Preparation of Nanocrystalline TiO2 Electrodes for Flexible Dye-Sensitized Solar Cells: Influence of Mechanical Compression

Abstract

Nanocrystalline TiO2 electrodes were prepared using binder-free TiO2 paste on conductive ITO-PEN substrates by the doctor-blade method at significantly low temperature (140 °C), and the electrodes were further processed under different compressions (10–60 MPa) in order to improve interparticle connections and adhesion between the nanoparticles and the ITO-PEN substrate. TiO2 electrodes compressed at 30 and 40 MPa had relatively less cracks with low crack width. Electrode compressed at 30 MPa showed the highest internal surface area. Electrode prepared at this compression showed the best dye-sensitized solar cell (DSC) performance with Voc of 805 mV, Jsc of 9.24 mA cm–2, and an overall efficiency of 4.39%. Electrochemical impedance spectroscopy (EIS) studies of the sandwiched cells employing bare nanocrystalline TiO2 electrode and Pt counter electrode in I–/I3– electrolyte showed that electrode compression significantly influences the stability of the cells.

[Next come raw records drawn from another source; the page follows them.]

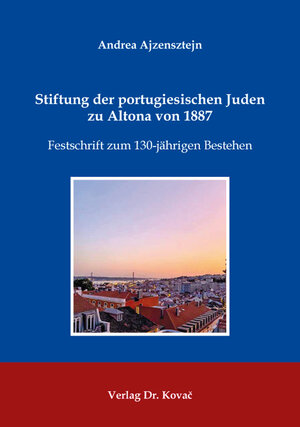 Buchcover Stiftung der portugiesischen Juden zu Altona von 1887  | EAN 9783339118301 | ISBN 3-339-11830-2 | ISBN 978-3-339-11830-1
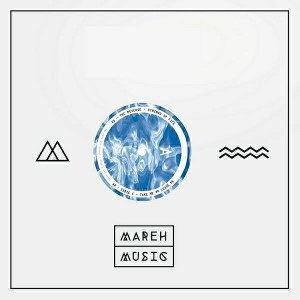 Various Artists - Mareh Drops EP [Mareh Music]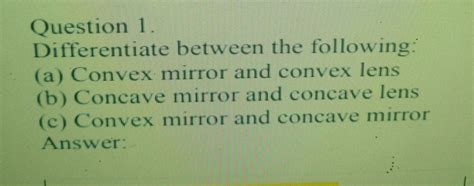 Question 1. Differentiate between the following: (a) Convex mirror and ...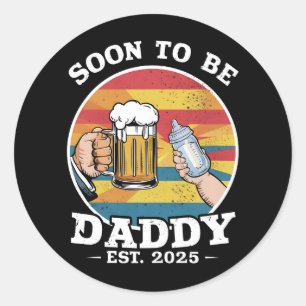 Bald Papa 2025 Erster Papa 2025 Retro Runder Aufkleber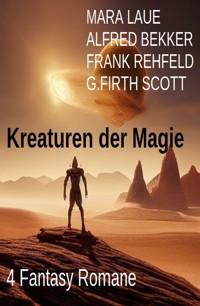 Kreaturen der Magie: 4 Fantasy Romane - Alfred Bekker - E-Book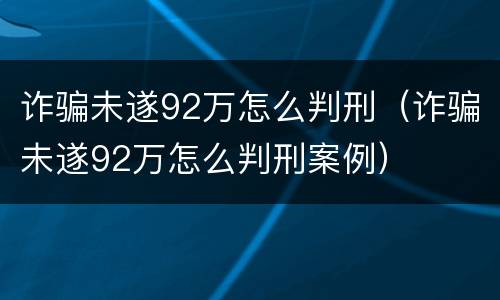 诈骗未遂92万怎么判刑（诈骗未遂92万怎么判刑案例）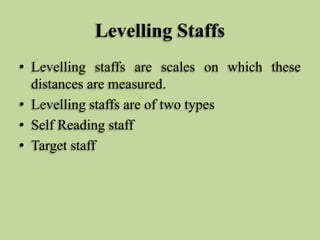Levelling Staffs
• Levelling staffs are scales on which these
distances are measured.
• Levelling staffs are of two types
• Self Reading staff
• Target staff
 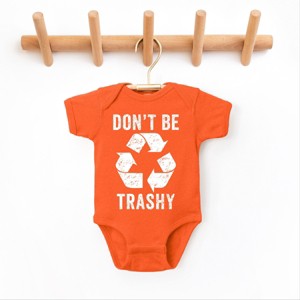 The Juniper Shop Don't Be Trashy Baby Bodysuit - 1 of 4
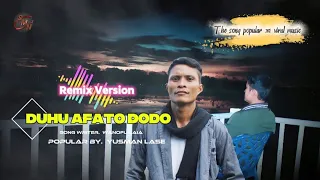 duhu afato dodo versi remix yusman lase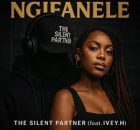 The Silent Partner - Ngifanele (English Cover Version) (feat. IVEY.H)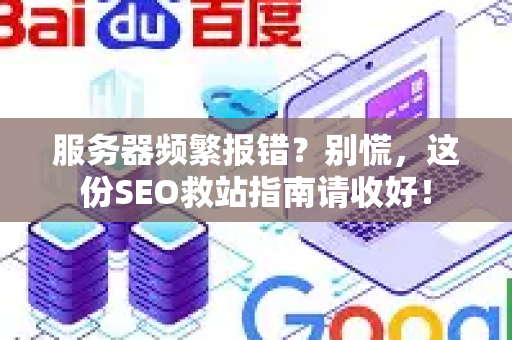服务器频繁报错？别慌，这份SEO救站指南请收好！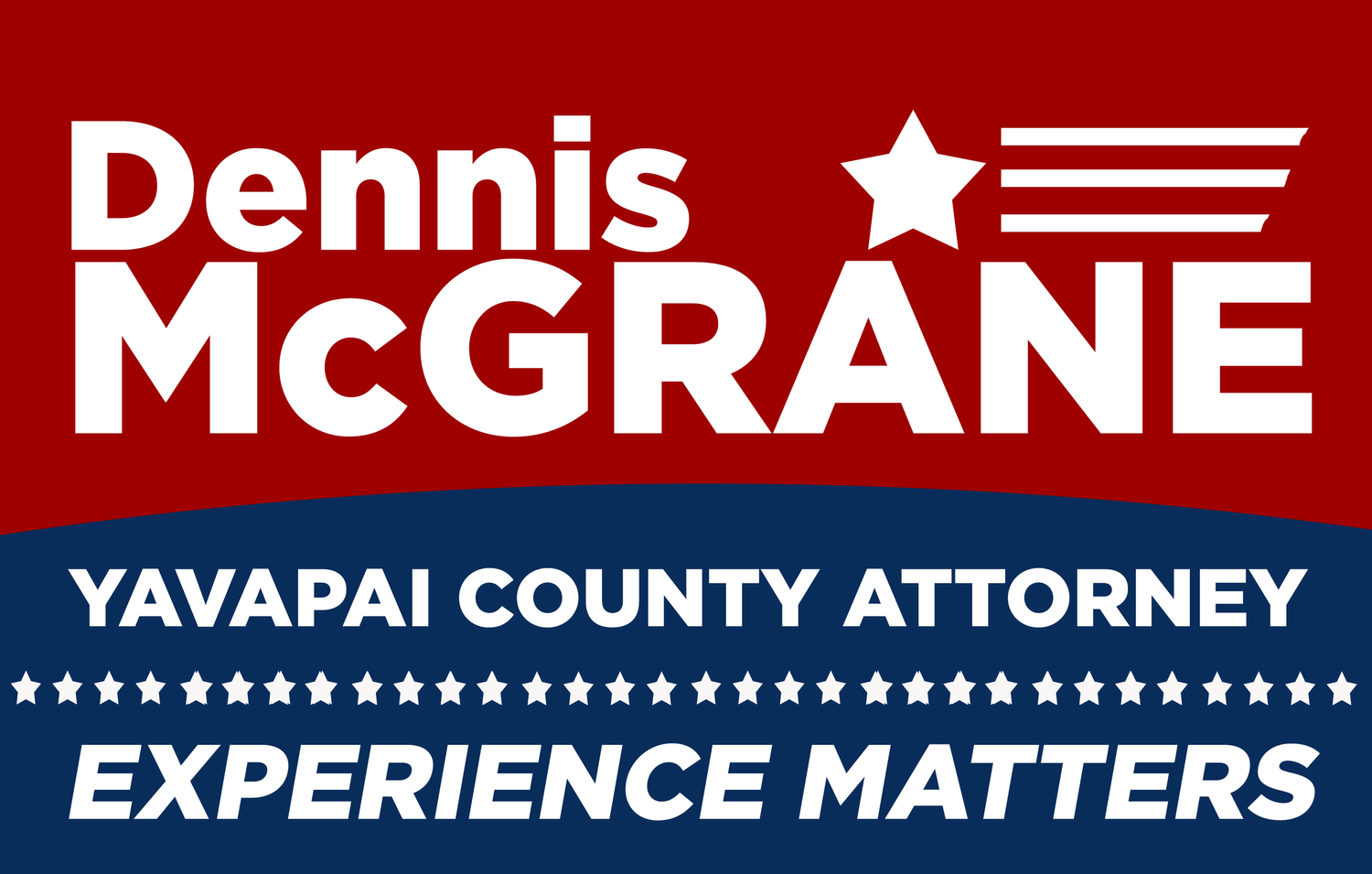 Dennis McGrane for Yavapai County Attorney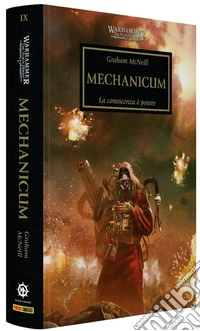 Mechanicum. The Horus heresy. Warhammer. Vol. 9 libro
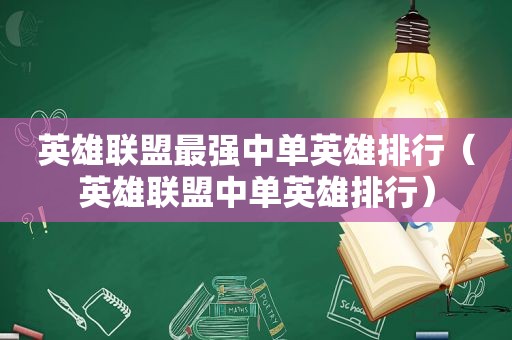 英雄联盟最强中单英雄排行（英雄联盟中单英雄排行）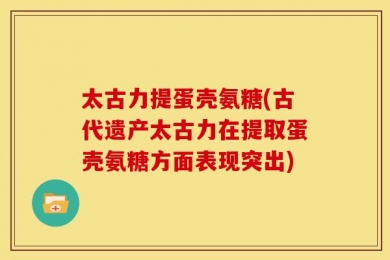 太古力提蛋壳氨糖(古代遗产太古力在提取蛋壳氨糖方面表现突出)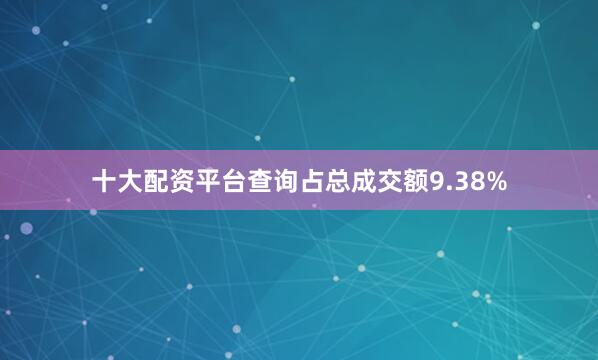 十大配资平台查询占总成交额9.38%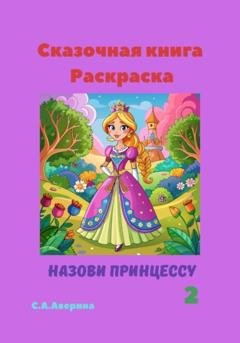 Обложка книги «Сказочная книга-раскраска Назови принцессу 2» — Светлана Анатольевна Аверина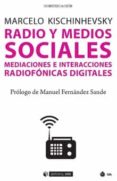 radio y medios sociales: mediaciones e interacciones radiofonicas digitales-marcelo kischinhevsky-9788491800118 radio y medios sociales: mediaciones e interacciones radiofonicas digitales-marcelo kischinhevsky-9788491800118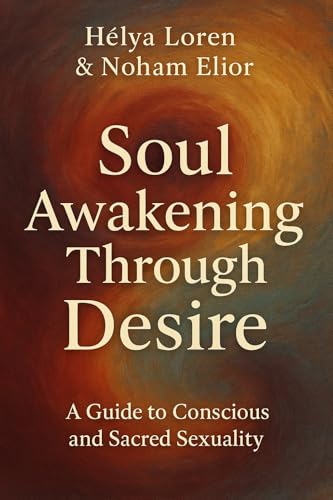 Soul Awakening Through Desire: A Guide to Conscious and Sacred Sexuality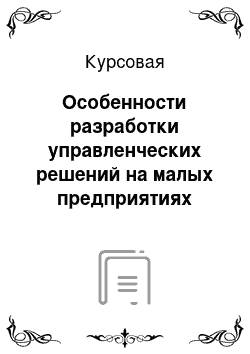 Курсовая: Особенности разработки управленческих решений на малых предприятиях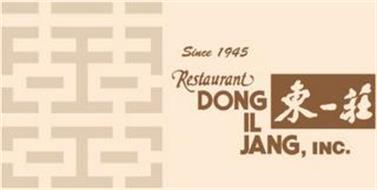 SINCE 1945 RESTAURANT DONG IL JANG, INC.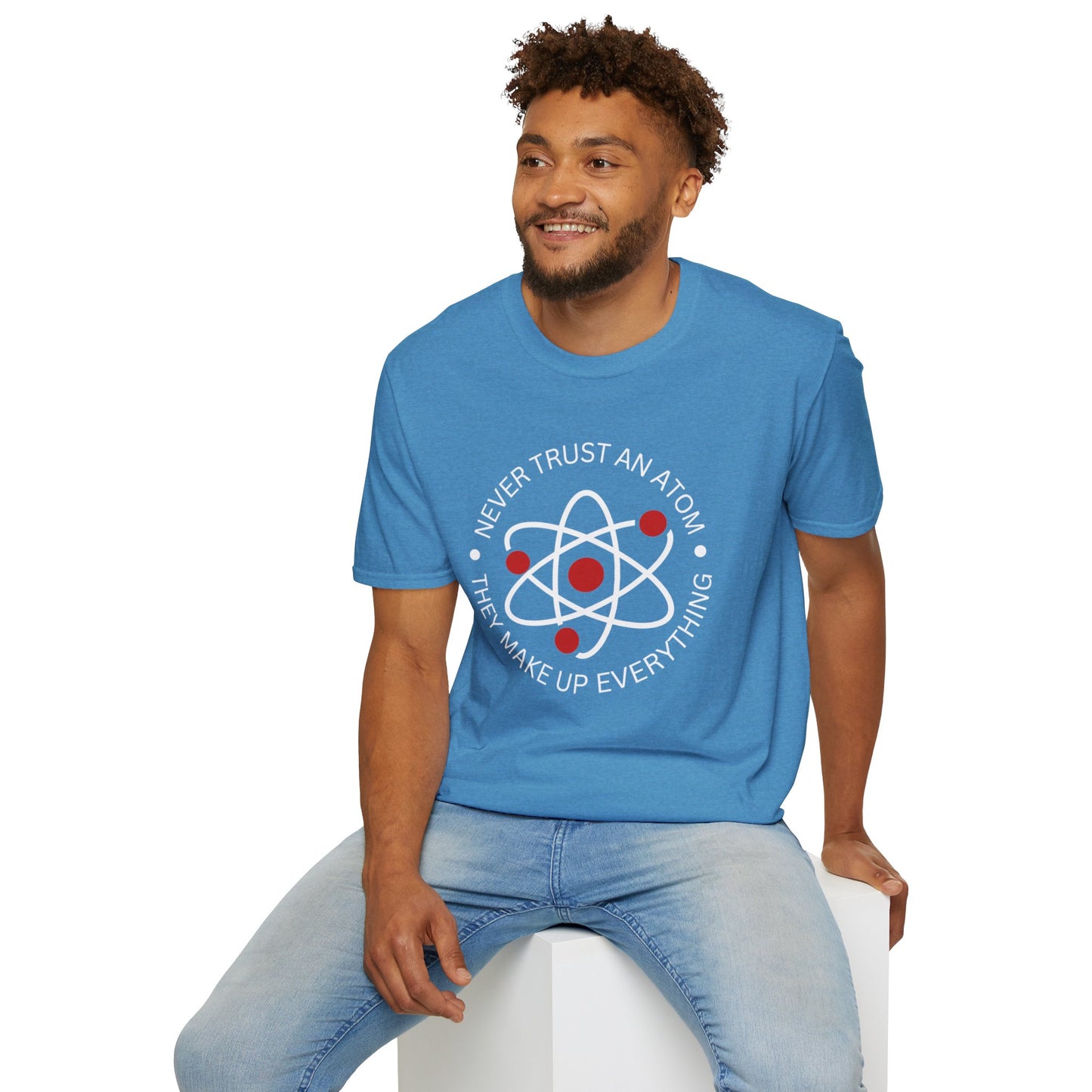 Never Trust An Atom T-Shirt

EIS data suggested that degradation/corrosion processes may take place on ITO-PEN for sandwiched cells made by TiO2 electrodes compressed at all pressures. Thirty and 40 MPa compressions showed a minor degradation of ITO. The recombination dynamics at the TiO2/electrolyte interface were influenced by the changes in the nanostructured electrode internal surface area, changes in electron transport properties (due to improved sintering), and possible degradation/corrosion of ITO-PEN. Open-circuit voltage decay (OCVD) measurements showed that the DSC made by the 30 MPa compressed TiO2 electrode had the highest decay time, indicating low recombination properties, which is in a good agreement with other data.